Sometimes one big inning is all you need, but that's the one big inning that the Nationals can never seem to get. Instead Livan (with an assist from Tony Blanco) gave up five runs before recording an out in the first. If you only score the game from the bottom of the first on, Livan pitched a gem. He threw seven more innings of shut out ball before giving way to Jason "Harvey" Bergmann who retired the side in order in the ninth. It's hard to feel like this game accomplished anything, what with the cavalcade of backups playing, but it should have definitively answered the question, can Tony Blanco be a big league first baseman?
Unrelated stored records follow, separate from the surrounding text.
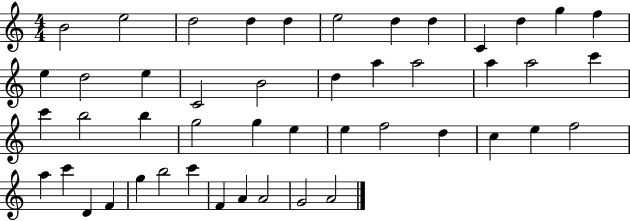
B4/h E5/h D5/h D5/q D5/q E5/h D5/q D5/q C4/q D5/q G5/q F5/q E5/q D5/h E5/q C4/h B4/h D5/q A5/q A5/h A5/q A5/h C6/q C6/q B5/h B5/q G5/h G5/q E5/q E5/q F5/h D5/q C5/q E5/q F5/h A5/q C6/q D4/q F4/q G5/q B5/h C6/q F4/q A4/q A4/h G4/h A4/h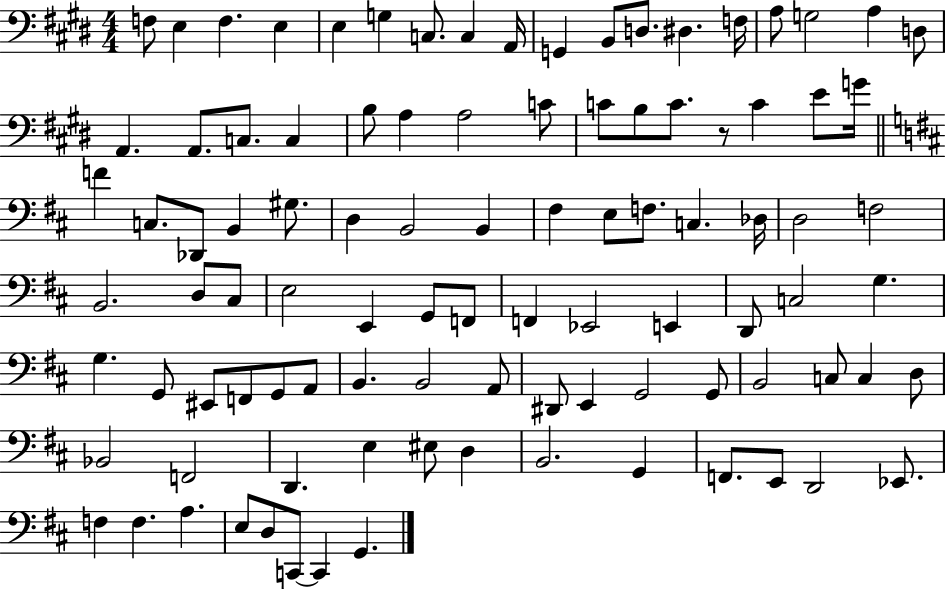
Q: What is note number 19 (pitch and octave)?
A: A2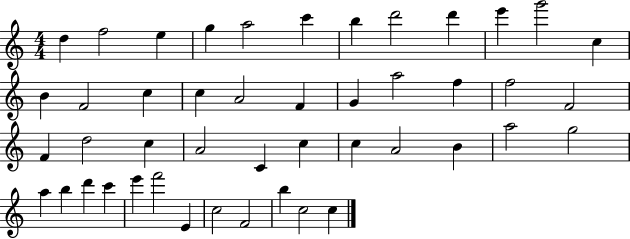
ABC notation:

X:1
T:Untitled
M:4/4
L:1/4
K:C
d f2 e g a2 c' b d'2 d' e' g'2 c B F2 c c A2 F G a2 f f2 F2 F d2 c A2 C c c A2 B a2 g2 a b d' c' e' f'2 E c2 F2 b c2 c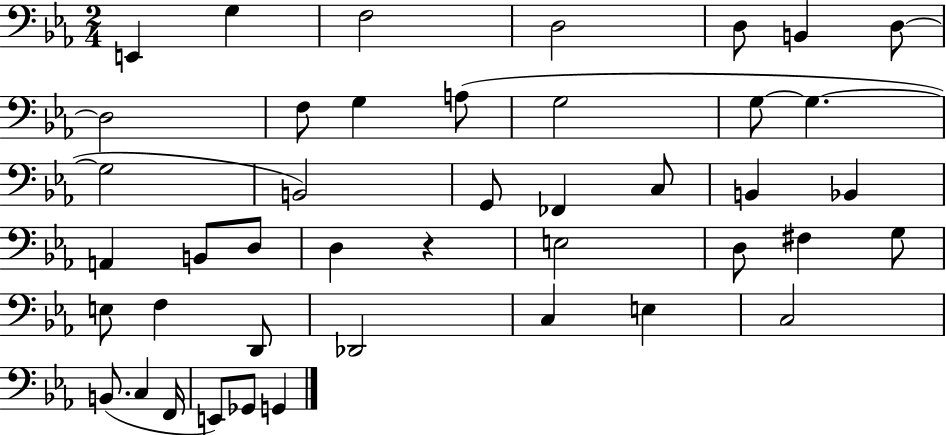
{
  \clef bass
  \numericTimeSignature
  \time 2/4
  \key ees \major
  e,4 g4 | f2 | d2 | d8 b,4 d8~~ | \break d2 | f8 g4 a8( | g2 | g8~~ g4.~~ | \break g2 | b,2) | g,8 fes,4 c8 | b,4 bes,4 | \break a,4 b,8 d8 | d4 r4 | e2 | d8 fis4 g8 | \break e8 f4 d,8 | des,2 | c4 e4 | c2 | \break b,8.( c4 f,16 | e,8) ges,8 g,4 | \bar "|."
}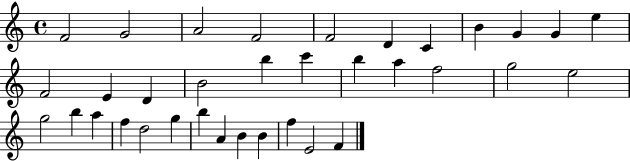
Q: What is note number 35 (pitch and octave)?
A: F4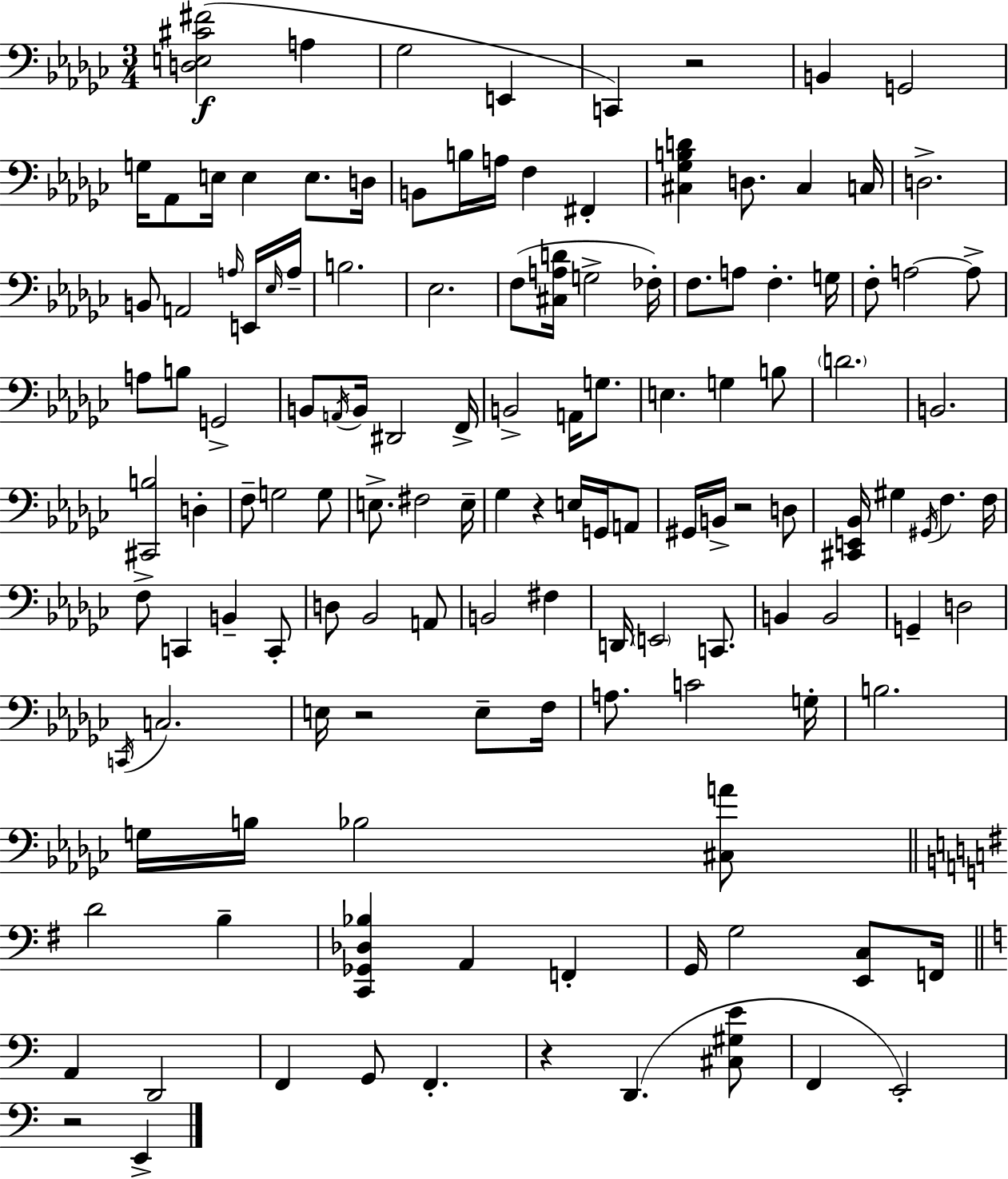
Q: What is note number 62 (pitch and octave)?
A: E3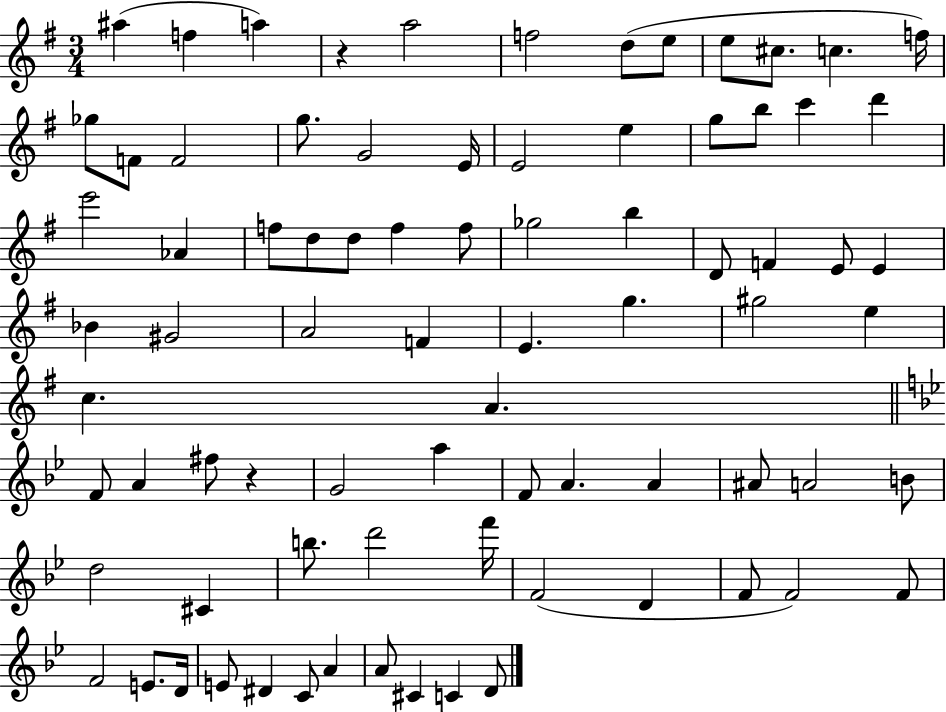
{
  \clef treble
  \numericTimeSignature
  \time 3/4
  \key g \major
  ais''4( f''4 a''4) | r4 a''2 | f''2 d''8( e''8 | e''8 cis''8. c''4. f''16) | \break ges''8 f'8 f'2 | g''8. g'2 e'16 | e'2 e''4 | g''8 b''8 c'''4 d'''4 | \break e'''2 aes'4 | f''8 d''8 d''8 f''4 f''8 | ges''2 b''4 | d'8 f'4 e'8 e'4 | \break bes'4 gis'2 | a'2 f'4 | e'4. g''4. | gis''2 e''4 | \break c''4. a'4. | \bar "||" \break \key g \minor f'8 a'4 fis''8 r4 | g'2 a''4 | f'8 a'4. a'4 | ais'8 a'2 b'8 | \break d''2 cis'4 | b''8. d'''2 f'''16 | f'2( d'4 | f'8 f'2) f'8 | \break f'2 e'8. d'16 | e'8 dis'4 c'8 a'4 | a'8 cis'4 c'4 d'8 | \bar "|."
}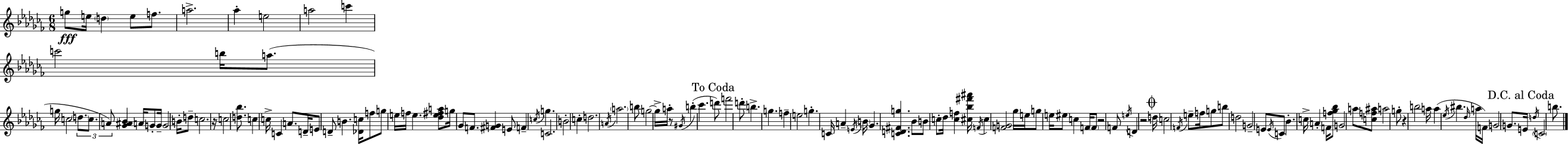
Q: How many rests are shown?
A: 5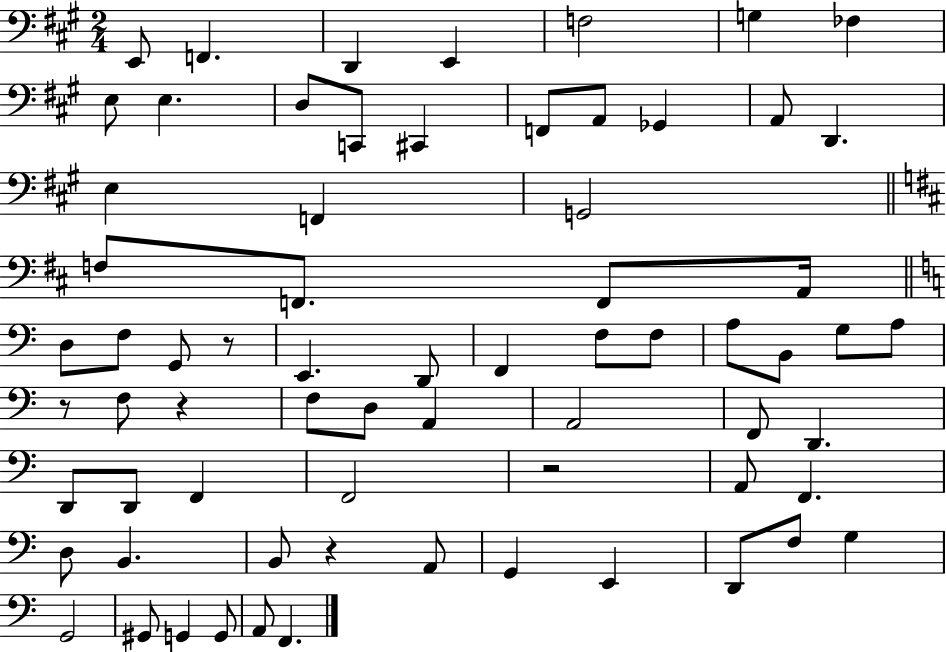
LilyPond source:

{
  \clef bass
  \numericTimeSignature
  \time 2/4
  \key a \major
  \repeat volta 2 { e,8 f,4. | d,4 e,4 | f2 | g4 fes4 | \break e8 e4. | d8 c,8 cis,4 | f,8 a,8 ges,4 | a,8 d,4. | \break e4 f,4 | g,2 | \bar "||" \break \key d \major f8 f,8. f,8 a,16 | \bar "||" \break \key c \major d8 f8 g,8 r8 | e,4. d,8 | f,4 f8 f8 | a8 b,8 g8 a8 | \break r8 f8 r4 | f8 d8 a,4 | a,2 | f,8 d,4. | \break d,8 d,8 f,4 | f,2 | r2 | a,8 f,4. | \break d8 b,4. | b,8 r4 a,8 | g,4 e,4 | d,8 f8 g4 | \break g,2 | gis,8 g,4 g,8 | a,8 f,4. | } \bar "|."
}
Answer: NO! All kidding aside though, I wish Tony well next year in Double-A ball.

The Kevin Maas Effect

Ryan Zimmerman certainly looks like the real deal. Back-to-back 3 for 4 days at the plate have raised his average a Rick Short-like .483, and he just missed his first big league homer last night, crushing a double off the left field fence. But the kid's only been up for three weeks. Pitchers don't have a book on him yet. The test will be how he does long about next May, when major league pitchers figure out how to pitch him. Baseball history is littered with supernova players, guys who burned bright for half a season or a full year, then flamed out and disappeared.

A couple of caveats. Zimmer looks like a hitter, not a slugger, which is good. He doesn't overswing, and rarely strikes out swinging (6 Ks in 29 ABs being an admittedly small sample). So the signs that he might avoid the fate of Sam Horn and Joe Charboneau, among may others, are encouraging.